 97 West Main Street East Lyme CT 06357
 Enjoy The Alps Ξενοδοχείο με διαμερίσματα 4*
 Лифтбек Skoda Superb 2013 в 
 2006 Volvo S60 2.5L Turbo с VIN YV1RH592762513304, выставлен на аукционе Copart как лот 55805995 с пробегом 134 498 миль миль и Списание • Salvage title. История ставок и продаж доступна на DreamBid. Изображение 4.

• Instructions for the task
The material must be written out again in full and without changes.

• Written response
 97 West Main Street East Lyme CT 06357
 Enjoy The Alps Ξενοδοχείο με διαμερίσματα 4*
 Лифтбек Skoda Superb 2013 в 
 2006 Volvo S60 2.5L Turbo с VIN YV1RH592762513304, выставлен на аукционе Copart как лот 55805995 с пробегом 134 498 миль миль и Списание • Salvage title. История ставок и продаж доступна на DreamBid. Изображение 4.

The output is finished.